§ How to complete this task:
Write down exactly the lines from the one with "COLLIER 42cm PERLES" to the end of the data, first and last included, and no others.
*** Extracted records Section Begins ***
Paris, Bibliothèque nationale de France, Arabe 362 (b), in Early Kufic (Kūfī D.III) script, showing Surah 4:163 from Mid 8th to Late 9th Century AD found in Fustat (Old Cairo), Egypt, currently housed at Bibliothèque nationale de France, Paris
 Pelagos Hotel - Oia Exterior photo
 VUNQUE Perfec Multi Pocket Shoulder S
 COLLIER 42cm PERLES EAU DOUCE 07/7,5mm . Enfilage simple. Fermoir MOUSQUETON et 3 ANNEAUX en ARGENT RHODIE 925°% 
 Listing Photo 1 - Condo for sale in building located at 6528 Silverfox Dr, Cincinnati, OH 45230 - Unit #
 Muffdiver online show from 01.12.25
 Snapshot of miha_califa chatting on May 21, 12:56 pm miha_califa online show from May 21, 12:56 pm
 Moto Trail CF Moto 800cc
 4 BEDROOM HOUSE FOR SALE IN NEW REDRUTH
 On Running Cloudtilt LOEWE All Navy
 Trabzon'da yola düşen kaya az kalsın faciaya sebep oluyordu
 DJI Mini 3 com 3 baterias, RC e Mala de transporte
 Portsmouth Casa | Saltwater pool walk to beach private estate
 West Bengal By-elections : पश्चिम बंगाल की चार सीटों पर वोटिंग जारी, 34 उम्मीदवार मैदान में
*** Extracted records Section Ends ***
§ Written response:
 COLLIER 42cm PERLES EAU DOUCE 07/7,5mm . Enfilage simple. Fermoir MOUSQUETON et 3 ANNEAUX en ARGENT RHODIE 925°% 
 Listing Photo 1 - Condo for sale in building located at 6528 Silverfox Dr, Cincinnati, OH 45230 - Unit #
 Muffdiver online show from 01.12.25
 Snapshot of miha_califa chatting on May 21, 12:56 pm miha_califa online show from May 21, 12:56 pm
 Moto Trail CF Moto 800cc
 4 BEDROOM HOUSE FOR SALE IN NEW REDRUTH
 On Running Cloudtilt LOEWE All Navy
 Trabzon'da yola düşen kaya az kalsın faciaya sebep oluyordu
 DJI Mini 3 com 3 baterias, RC e Mala de transporte
 Portsmouth Casa | Saltwater pool walk to beach private estate
 West Bengal By-elections : पश्चिम बंगाल की चार सीटों पर वोटिंग जारी, 34 उम्मीदवार मैदान में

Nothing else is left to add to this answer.